Your partner is not liable to pay your debts even if you go bankrupt. A third party cannot be forced to pay debt that you cannot or will not repay. This is the case even if you are married.

Nevertheless you will have to provide information about your partner’s income. This is so the Official Receiver (OR) can make sure sure they are paying a fair share of the household expenses.

The OR will take this into account when considering how much of your income should go towards the expenses and how much you can afford to pay towards your debts.

If you have joint debts your partner remains liable for the full balance of these. If they cannot afford the payments from their income they may also need to consider a debt solution.

Will your Partner’s Credit Rating be affected if you go Bankrupt?

When you go bankrupt your credit rating is negatively affected. However this does not happen to your partner or anyone else who lives with you. The record of your bankruptcy does not appear on their credit file.

Given you and your partner are living at the same address it is possible that information from your file could be mistakenly mixed up with their’s. It is important they check this by getting a copy of their credit file.

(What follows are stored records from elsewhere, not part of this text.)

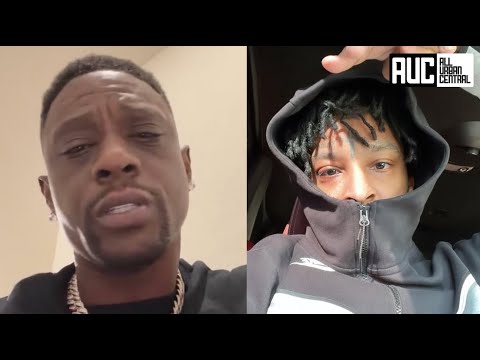 Boosie SNAPS On 21 Savage & Young Thug For F*ck The Streets Movement 😳 Tells Them To Stop Rapping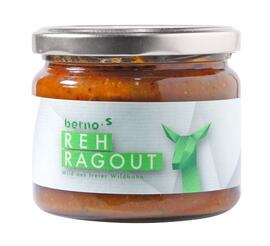 Deer ragout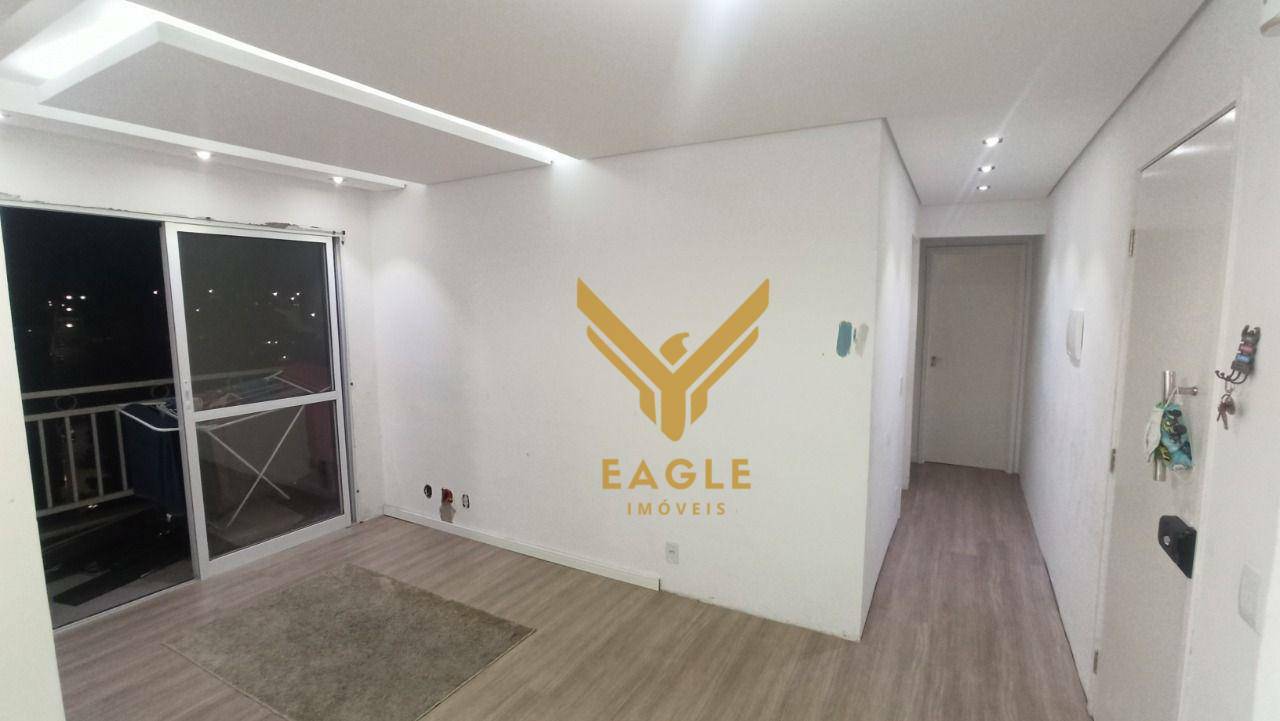 Apartamento à venda com 2 quartos, 46m² - Foto 3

If any of your information does appear they can ask to be disassociated from it. This will then overcome any subsequent credit problems.

Your partner’s credit rating is only at risk if you have joint debts which they cannot pay. Any missed payments will also be recorded on their credit file. This will negatively affect their credit rating.

How will a jointly owned Property be affected?

If you own a property in joint names your share of any equity will be transferred to the OR. However your partner’s share does not have to be handed over. It is not at risk and remains their’s at all times.

Your share of any equity will have to be released. One option is for your partner to raise the funds required. They may have savings of their own or you might choose to re-mortgage the property to achieve this.

If there is considerable equity and you or your partner simply cannot release it the OR might issue a charge for the value of your share. In extreme cases they can force the sale of the property.

If the property is force sold your partner’s share of any equity released will always be given to them. They can spend this money on whatever they like. However they are unlikely to be able to stop the sale.

Can you keep a Joint Bank Account if you go Bankrupt?

After you go bankrupt any account you have been using will normally be frozen by the bank. The OR can take control of any money in it over and above what you need for reasonable living expenses.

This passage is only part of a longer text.